Wednesday, July 3, 2013

Memoir 2, I Have A Dream

April 16, 2013
1730
            Over 5,000 years ago, a baby was born.  An angel came to Joseph in a dream, telling him that his soon to be wife, Mary, would immaculately give birth to a son, and that they were to name Him Jesus Christ because He will be the Saviour of His people, saving them from their sins.  It was this boy who grew into a man, the Son of God, who became the most momentous decree from God in human history as He became the beacon of salvation, and of hope to the entire human race.  Even after we have been pulverised in flames and murdered by the sword of the ancient Roman Empire and the early Catholic Church long ago in history, we still stand against the injustices of our iniquitous enemies who belong to the synagogue of Satan.  Christ descends from Heaven with all the angels, every eye on earth witnessing His coming, including those who have despised Him, and they will mourn.  His hair is white, His eyes ablaze, and His firm bronze feet to touch this earth once again.  And we who have served Him ascend, from the grave first to the living.
            We do not know when this time will come, for not even Jesus Christ Himself knows.  That proof has been written in Matthew 24:36, spoken with Christ’s own mouth.  So there is no need to use our feckless mathematics, philosophy, and astrology to discover the destruction of our species.  We must face the tragic fact that we do not and cannot possess the complete knowledge of the universe and divinity, for only God is omnipotent.  We must also learn to accept God’s omniscience, no matter how impossible it may seem.  By human standards, it is impossible because our small minds can only hold such limited information and knowledge and comprehend just as much; but it is not impossible for the Deity, for He far surpasses our weak, soft flesh and inferior minds, yet He loves us above everything else in this infinite universe that He created.  Man still suffers under the manacles of sin and the chains of deceit, just as it has always been since the Fall of Man.  Five thousand years or so after man’s creation, there still remain civilisations that live in poverty and have never heard the name of Jesus Christ and the Good News of whom He was, is, and is to come.  And as we followers of Christ still live to save these people, there are still those who remain to be appalled by our selfless condition and Godly character.
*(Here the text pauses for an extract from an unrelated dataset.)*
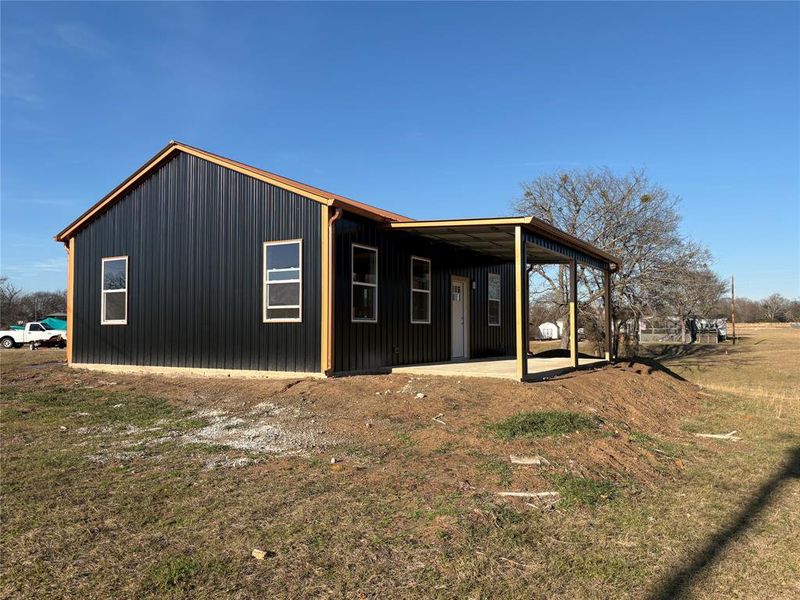 Exterior details and patio area of a home in , Quitman (Image 8).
            Jesus Christ has entitled we who believe and follow as co-heirs of His throne, and as His co-heirs we attain eternal life in God’s paradise.  It is obvious that Christendom — the global population of Christianity — is defaulting from Christ’s promissory acknowledgement.  Instead of holding fast to God’s divine promise, Christendom has regressed to a lukewarm condition, and ergo insufficient to be co-heirs of His throne.  In Revelation 3:15 Jesus states that He’d rather have us be hot or cold — on fire for Him or cold against Him, rather than content or “lukewarm,” as the text states.  Complacency makes you indolent and incognisant, which then only palliates your faith.  It is far easier to change the mind of a cold person than one who is completely content, for the content individual has already made up their mind and has no desire to move from where they are.  As Paul writes in First Thessalonians 5:14, we are to warn the lazy, but we are too lazy to warn others.  Ergo, we must urgently help ourselves first.  One may ask me, “How do we do that?”  The answer is simple:  Get off your lazy behind and continue walking on the path to Jesus Christ’s throne, which we are co-heirs of.  We refuse to realise that the Christian Church’s faith is bankrupt.  We accept attributes that God declares as abominations and intolerable, and we are complacent in our faith.  How, then, as a Church, is our faith strong?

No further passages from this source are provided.